Most tracking software is Internet-based, which means that it operates either over or through an online Web browser. Internet protocol, or IP, tracking software is the most straightforward example. When a computer connects to the Internet, it is assigned a temporary IP address, typically composed of numbers, that serves as that computer’s online identifier. An IP tracking program installed on the computer will monitor where that address is seen online, and will track all web use patterns associated with it.

Time tracking software works similarly. Usually, time tracking monitors the amount of time a specific user spends online, and how much time that user spends on any given site. User-based tracking is usually done based on log-in identification, rather than IP identification.


IP tracking programs can either be intentionally installed on a computer by someone like a parent or a spouse, or they can be surreptitiously downloaded from a web site, usually without the computer user’s knowledge or consent. Surreptitious downloads are generally designed to capture sensitive information users may type into the Internet, such as e-mail passwords or bank account information. Most jurisdictions have strict laws prohibiting the download of any tracking software without the computer owner’s direct consent. These laws can be hard to enforce when the downloads may not be noticed until serious damage has been done, however.

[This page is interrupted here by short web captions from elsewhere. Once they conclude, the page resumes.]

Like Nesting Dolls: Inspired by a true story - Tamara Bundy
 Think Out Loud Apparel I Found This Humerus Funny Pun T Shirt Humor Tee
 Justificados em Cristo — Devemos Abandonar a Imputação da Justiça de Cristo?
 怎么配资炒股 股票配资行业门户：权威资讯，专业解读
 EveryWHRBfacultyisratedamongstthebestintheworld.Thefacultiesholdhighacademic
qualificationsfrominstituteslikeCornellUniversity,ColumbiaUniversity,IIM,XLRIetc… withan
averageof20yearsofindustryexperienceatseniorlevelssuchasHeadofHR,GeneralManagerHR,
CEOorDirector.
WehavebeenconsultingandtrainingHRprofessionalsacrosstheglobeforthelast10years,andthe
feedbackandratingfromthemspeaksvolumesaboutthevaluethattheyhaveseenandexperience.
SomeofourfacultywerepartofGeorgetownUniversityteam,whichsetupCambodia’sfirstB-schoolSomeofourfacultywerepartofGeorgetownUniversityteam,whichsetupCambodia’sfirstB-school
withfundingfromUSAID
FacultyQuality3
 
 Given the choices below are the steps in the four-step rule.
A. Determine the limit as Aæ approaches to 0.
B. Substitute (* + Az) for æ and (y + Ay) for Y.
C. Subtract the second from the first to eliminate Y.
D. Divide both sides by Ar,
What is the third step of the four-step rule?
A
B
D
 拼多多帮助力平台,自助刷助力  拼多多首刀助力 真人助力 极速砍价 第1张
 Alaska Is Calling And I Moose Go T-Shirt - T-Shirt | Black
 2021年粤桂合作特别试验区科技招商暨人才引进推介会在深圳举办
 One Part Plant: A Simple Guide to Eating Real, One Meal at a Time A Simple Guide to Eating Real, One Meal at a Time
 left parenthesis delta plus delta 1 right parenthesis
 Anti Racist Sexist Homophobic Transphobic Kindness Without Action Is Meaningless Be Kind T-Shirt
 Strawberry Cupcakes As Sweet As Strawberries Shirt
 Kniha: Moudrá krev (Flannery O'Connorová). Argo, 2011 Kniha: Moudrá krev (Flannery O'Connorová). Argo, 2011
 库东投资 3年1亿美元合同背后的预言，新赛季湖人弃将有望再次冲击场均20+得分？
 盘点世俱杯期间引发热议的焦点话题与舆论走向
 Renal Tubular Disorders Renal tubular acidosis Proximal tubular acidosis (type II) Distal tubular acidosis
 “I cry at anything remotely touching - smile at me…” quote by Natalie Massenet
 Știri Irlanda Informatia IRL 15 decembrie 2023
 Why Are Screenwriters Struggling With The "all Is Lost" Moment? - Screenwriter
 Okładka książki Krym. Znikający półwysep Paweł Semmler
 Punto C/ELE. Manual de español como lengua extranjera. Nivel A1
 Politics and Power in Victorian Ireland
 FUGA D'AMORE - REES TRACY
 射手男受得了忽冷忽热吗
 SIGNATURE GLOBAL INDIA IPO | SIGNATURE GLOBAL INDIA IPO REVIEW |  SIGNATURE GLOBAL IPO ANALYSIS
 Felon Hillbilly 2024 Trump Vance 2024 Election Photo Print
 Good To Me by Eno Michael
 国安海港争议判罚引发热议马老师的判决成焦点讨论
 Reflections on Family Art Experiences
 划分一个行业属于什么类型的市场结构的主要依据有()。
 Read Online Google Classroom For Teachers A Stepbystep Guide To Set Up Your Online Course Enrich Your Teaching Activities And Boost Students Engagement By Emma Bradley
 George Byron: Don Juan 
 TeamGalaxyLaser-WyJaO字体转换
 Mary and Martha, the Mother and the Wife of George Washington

Computer owners may also elect to install tracking programs onto portable computer equipment that is designed to track physical location in case of loss or theft. In this case, the software lies dormant on a computer until the device is reported missing; then, the software is remotely activated, and can provide immediate location tracking. This kind of tracking capability is popular among corporations who issue laptops and palm computers to employees, particularly when those who deal with sensitive personal or financial information. Most location tracking software is based on GPS tracking software technology, which means that the device does not have to be connected to the Internet or even turned on in most instances in order for tracking to work.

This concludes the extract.